Friday, March 7, 2014

UCSF Study Falsely Links E-Cigarettes to Smoking

Academics at the University of California San Francisco have used the 2011 and 2012 National Youth Tobacco Survey to fabricate a claim that “e-cigarettes are likely to be gateway devices for nicotine addiction among youth, opening up a whole new market for tobacco.”  Lead author Lauren Dutra provided that quote to the media in a UCSF press release touting the study (here).  Dr. Stanton Glantz was a coauthor.  The study appears in the Journal of the American Medical Association Pediatrics.

The UCSF press release also contains a demonstrably false leading statement: “The study of nearly 40,000 youth around the country also found that e-cigarette use among middle and high school students doubled between 2011 and 2012, from 3.1 percent to 6.5 percent.”

These percentages DO NOT refer to current e-cigarette use, but to ever e-cigarette use, “even just one time.”  I have analyzed this data before (here and here).  E-cigarette use among middle and high school students did double between 2011 and 2012, from 1.0 to 2.0 percent.  The chart on the left provides a truthful picture of e-cigarette use.
The Dutra-Glantz study consisted of a dizzying array of statistical analyses that could not possibly support their claim that e-cigarettes are a gateway to cigarettes.  Unfortunately, the media is headlining this false claim around the globe. 

The only positive note in this otherwise dark story is that, for the first time, Dr. Glantz’s fabrication was called out by the American Cancer Society and the American Legacy Foundation.  The ACS’s Dr. Thomas Glynn said in the New York Times, “The data in this study do not allow many of the broad conclusions that it draws.” (here). 

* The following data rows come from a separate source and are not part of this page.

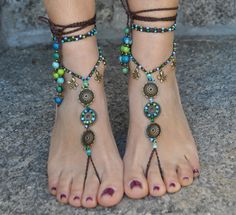 This listing is for a PAIR of barefoot sandals. Beautiful and unique barefoot sandals with a tribal vibration. They look great as necklace or on the hands too :) Handmade crocheted with love and care using waxed polyester cord, brass flowers and charms and blue and green glass beads. The lace is long enough to wrap it 2 times around the leg. Each end of the string is closed with acai seed beads and a brass bead cap. These resistant sandals are suitable for many environments. They will embellish Hippie Summer Festival Jewelry, Summer Festival Beaded Anklets, Bohemian Toe Ring Jewelry For Summer, Handmade Ankle Wrap Anklets For Festivals, Spiritual Anklets For Summer Beach Season, Adjustable Spiritual Anklets For Summer, Spiritual Summer Beach Anklets, Handmade Toe Ring Barefoot Sandals For Summer, Summer Beaded Barefoot Sandals As Gift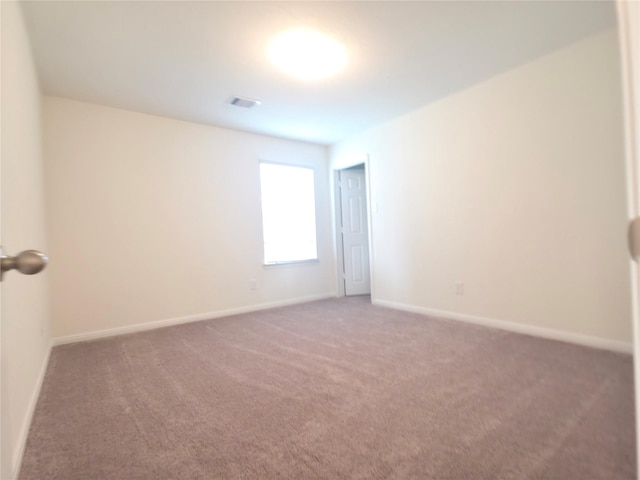 4122 Mossy Bank Ln, Houston, TX 77068 - spare room with carpet and baseboards
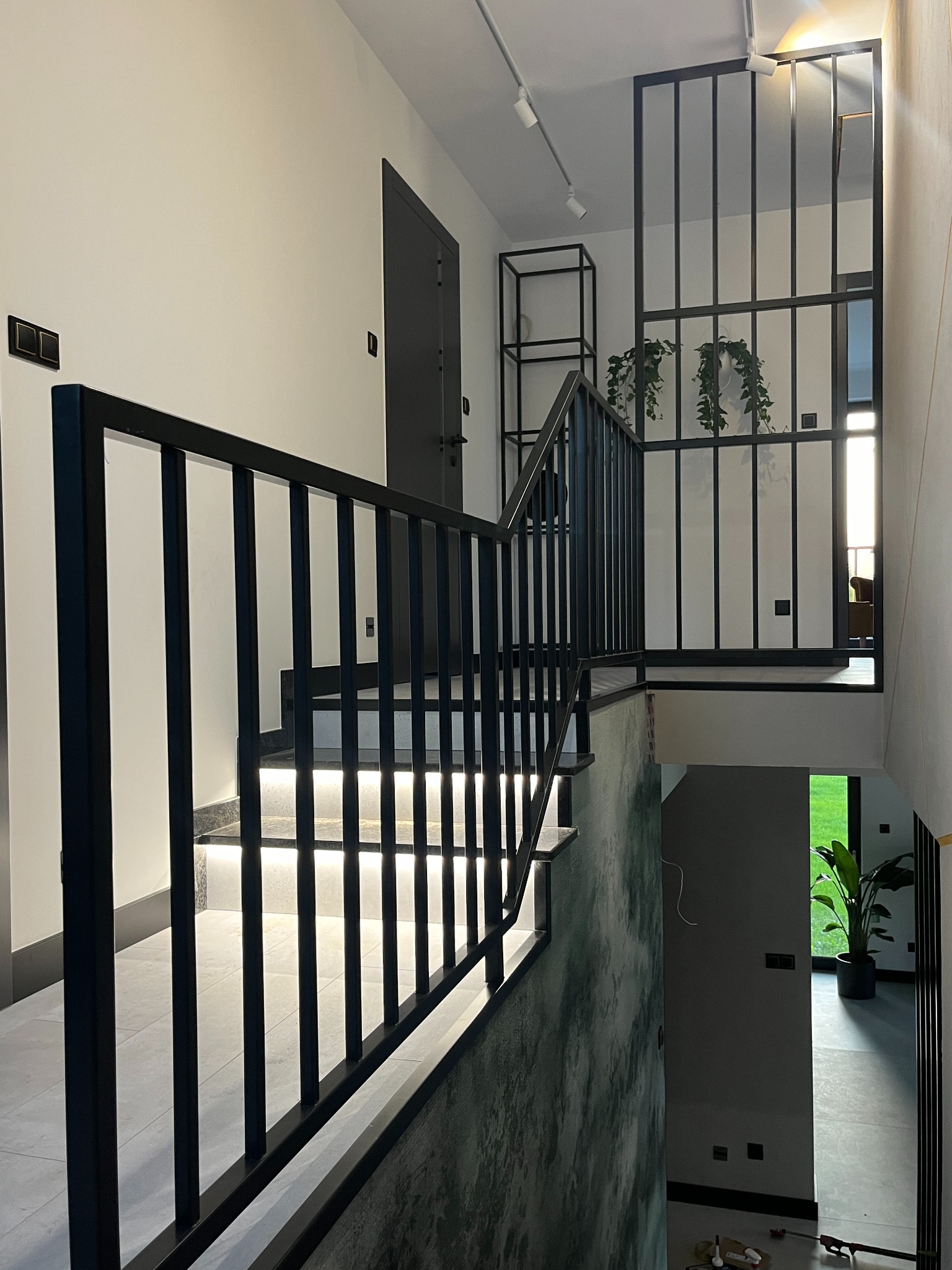 Nowoczesne schody z podświetlanymi stopniami i czarną, minimalistyczną balustradą, widok z góry na dół, z elementami dekoracyjnymi jak rośliny wiszące i półka w tle.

Dr. David Abrams of the American Legacy Foundation confirmed that the data do not support the authors’ conclusion.  “I am quite certain that a survey would find that people who have used nicotine gum are much more likely to be smokers and to have trouble quitting, but that does not mean that gum is a gateway to smoking or makes it harder to quit,”

There is more.  My chart shows that although e-cigarette use increased, exclusive cigarette smoking plummeted, from 4% to 2.8% among middle school students, and from 14.6% to 11.8% among high school students.  This dramatic decline further undermines Dutra-Glantz’s claims.

Anti-tobacco extremists have won this media skirmish against e-cigarettes, but at a price – their integrity.